I was back to square one, but more determined than ever to make it work. Harper had started school full time and Hudson was 10 months old. I now live 20 miles away from my sister so she wasn't an option for childcare, my fiance worked 9-5, so my only options were night work and weekend work. 

I was still doing freelance work on the side, but for pennies, I wasn't earning close to enough to what I felt like we needed to live comfortably and that bothered me. Despite the low income, I was building up a client base and experience that now, makes it all worth it. I managed a few social media accounts and was writing articles for other websites until January 2018 - where I am now, full time freelance. 

In January 2018, I worked my butt off enough to secure a 16 hour a week freelance job with a web media company where I do PR, social media management and website management for a number of clients. I still run one of the luxury fashion companies social media platforms and I write for a number of clients sporadically. 

Harper is at school for the 4 hours a day I work for the web media company and I have a strict routine with Hudson so that he has his 2 hour nap during my working hours and the other two hours he plays or is eating his lunch, so we've got it pretty good over here after five years of trying to get it right. Being self employed is a challenge and there's a lot of admin that comes with the job unlike going out to work, but it's worth it and I love the job that I do. 

I realise that this is not the best option for some people and their families and I feel incredibly lucky that I can do this over going out to work. I don't take it for granted and I commend all parents who sacrifice their time to provide for their children. As a working mum, I wanted to share my top tips for getting it right when it comes to work/life balance and how to make it easier on yourself. 

ROUTINE - I cannot stress enough how much easier life becomes when you set a routine for every single aspect of your life except weekends or days off. I consider myself quite a spontaneous person so I did struggle to get this right for a long time but now we thrive from it - we sleep well, we eat better than ever and we work well. At the weekends it's a free for all but we do make Sunday our do nothing day which I think is really important for self care.

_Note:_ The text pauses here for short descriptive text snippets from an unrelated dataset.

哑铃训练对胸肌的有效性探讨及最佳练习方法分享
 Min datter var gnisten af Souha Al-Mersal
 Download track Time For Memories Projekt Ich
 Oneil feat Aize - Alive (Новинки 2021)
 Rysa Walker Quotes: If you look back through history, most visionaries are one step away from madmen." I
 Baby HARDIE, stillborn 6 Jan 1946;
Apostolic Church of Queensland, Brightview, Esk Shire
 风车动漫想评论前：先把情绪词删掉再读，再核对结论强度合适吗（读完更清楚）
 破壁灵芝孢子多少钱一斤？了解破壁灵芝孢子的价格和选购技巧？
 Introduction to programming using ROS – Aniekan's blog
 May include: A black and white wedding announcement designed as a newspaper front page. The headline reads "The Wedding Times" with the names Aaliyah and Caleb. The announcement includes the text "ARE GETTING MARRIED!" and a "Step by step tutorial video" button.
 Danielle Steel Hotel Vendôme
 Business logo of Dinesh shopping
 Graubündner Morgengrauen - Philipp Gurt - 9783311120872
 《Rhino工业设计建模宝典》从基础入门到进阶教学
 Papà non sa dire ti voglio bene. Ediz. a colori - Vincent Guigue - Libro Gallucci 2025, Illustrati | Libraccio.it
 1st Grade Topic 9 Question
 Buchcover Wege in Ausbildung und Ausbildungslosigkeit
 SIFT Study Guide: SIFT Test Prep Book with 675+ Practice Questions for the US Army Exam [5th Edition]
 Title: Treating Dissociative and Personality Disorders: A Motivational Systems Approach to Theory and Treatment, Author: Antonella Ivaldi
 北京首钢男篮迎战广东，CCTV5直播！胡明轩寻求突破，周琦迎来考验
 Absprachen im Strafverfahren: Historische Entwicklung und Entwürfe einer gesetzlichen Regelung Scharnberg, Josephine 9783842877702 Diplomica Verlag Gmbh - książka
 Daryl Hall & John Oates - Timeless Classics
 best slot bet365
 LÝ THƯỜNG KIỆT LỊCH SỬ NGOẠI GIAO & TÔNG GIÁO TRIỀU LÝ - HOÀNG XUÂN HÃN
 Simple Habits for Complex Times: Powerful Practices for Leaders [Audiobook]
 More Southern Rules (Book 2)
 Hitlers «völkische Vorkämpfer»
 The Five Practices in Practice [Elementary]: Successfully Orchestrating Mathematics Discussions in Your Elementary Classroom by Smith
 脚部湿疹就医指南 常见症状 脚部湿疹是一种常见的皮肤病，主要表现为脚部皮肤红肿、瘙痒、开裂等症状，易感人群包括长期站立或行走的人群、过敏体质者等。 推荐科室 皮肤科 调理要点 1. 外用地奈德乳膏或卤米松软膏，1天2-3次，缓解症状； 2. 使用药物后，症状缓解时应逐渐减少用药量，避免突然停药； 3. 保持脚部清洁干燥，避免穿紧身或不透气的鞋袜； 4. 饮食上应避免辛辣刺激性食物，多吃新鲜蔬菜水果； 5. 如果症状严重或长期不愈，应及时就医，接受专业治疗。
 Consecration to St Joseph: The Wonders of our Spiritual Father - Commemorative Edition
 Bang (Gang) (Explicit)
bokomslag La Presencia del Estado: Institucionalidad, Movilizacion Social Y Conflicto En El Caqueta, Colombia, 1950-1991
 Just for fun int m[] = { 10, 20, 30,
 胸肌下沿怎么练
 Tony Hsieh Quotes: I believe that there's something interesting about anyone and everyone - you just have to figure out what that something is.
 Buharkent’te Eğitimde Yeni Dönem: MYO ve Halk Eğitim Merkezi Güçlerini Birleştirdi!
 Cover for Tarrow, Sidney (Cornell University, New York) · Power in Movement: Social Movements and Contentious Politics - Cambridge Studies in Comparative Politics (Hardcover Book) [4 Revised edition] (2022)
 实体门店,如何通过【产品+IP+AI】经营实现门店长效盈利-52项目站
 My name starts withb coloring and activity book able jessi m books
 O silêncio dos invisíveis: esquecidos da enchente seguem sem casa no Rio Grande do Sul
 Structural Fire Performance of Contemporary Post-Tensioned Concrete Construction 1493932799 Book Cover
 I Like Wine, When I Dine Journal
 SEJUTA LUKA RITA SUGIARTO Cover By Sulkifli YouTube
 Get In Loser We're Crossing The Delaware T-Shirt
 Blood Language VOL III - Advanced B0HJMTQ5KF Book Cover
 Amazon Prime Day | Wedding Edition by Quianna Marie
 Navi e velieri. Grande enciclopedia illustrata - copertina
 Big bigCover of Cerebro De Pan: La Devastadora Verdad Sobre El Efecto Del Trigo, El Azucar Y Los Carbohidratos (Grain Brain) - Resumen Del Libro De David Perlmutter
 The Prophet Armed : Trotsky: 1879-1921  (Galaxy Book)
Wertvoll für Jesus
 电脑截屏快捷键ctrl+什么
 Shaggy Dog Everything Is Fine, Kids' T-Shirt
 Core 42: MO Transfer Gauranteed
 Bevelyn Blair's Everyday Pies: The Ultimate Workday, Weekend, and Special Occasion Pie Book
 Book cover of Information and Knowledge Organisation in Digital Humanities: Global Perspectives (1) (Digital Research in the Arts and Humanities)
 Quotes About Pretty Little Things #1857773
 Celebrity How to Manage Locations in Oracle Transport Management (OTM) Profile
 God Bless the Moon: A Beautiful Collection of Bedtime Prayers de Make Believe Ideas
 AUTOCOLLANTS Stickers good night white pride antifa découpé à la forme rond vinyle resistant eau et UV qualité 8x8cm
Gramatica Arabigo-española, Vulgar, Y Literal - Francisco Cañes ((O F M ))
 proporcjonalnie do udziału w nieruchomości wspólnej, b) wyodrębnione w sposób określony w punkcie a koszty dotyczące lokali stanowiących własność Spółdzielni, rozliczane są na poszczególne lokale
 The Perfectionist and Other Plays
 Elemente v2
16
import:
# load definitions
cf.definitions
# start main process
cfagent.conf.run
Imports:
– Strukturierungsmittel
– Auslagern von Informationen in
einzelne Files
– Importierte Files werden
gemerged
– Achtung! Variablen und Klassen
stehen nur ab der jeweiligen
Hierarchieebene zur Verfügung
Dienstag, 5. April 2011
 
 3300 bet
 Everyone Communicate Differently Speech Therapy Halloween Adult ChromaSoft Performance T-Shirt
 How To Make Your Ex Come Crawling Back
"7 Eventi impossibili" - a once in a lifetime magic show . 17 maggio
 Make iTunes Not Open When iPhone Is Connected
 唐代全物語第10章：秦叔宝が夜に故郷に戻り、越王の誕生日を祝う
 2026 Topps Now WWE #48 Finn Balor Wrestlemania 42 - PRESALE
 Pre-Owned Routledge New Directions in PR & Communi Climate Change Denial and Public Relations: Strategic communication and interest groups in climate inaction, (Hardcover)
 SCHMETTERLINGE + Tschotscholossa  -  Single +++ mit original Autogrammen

USE A PLANNER - As a parent, especially a parent with a child in school, there are about a million things we have to remember on a daily basis including a lot of dates. Make your life a million times easier by buying a daily planner. I need one otherwise my brain will fall out of my head. I set aside 10 minutes when I wake up to plan out my day, check dates and meal plan. If you are in the market for a new planner, Old English Company have an amazing range of planners that will help you reorganise your life and help you to remember all of the life admin that comes with being a working mum. They also have a great competition running right now, over on their website where you can win an entire set of planners - you have until the 26th April 2018 to enter!

MEAL PLANNING - If you're a working parent and you provide the three meals a day, as well as running a household, working and ferrying children to and from school the last thing you need is to be standing in your kitchen not knowing what to make for dinner. The day before my food shop I write out a weekly plan and try my best to stick to it. This is a really easy way to implement structure and just make your life a lot easier in the long run. There are some great meal planning ideas over on Pinterest.

DON'T BE HARD ON YOURSELF - It's easy to say but hard to do, as parents we are under the scrutiny of society constantly. No matter what you are doing, you are doing your best to provide a great life for your family and it's hard fucking work. Make sure you give yourself those bubbles baths, take a trip into town by yourself to browse and have that night out whenever you need one. You are not solely defined by your children, you are still the person you were before and nurturing your needs as well as your children's is important for a happy family all round.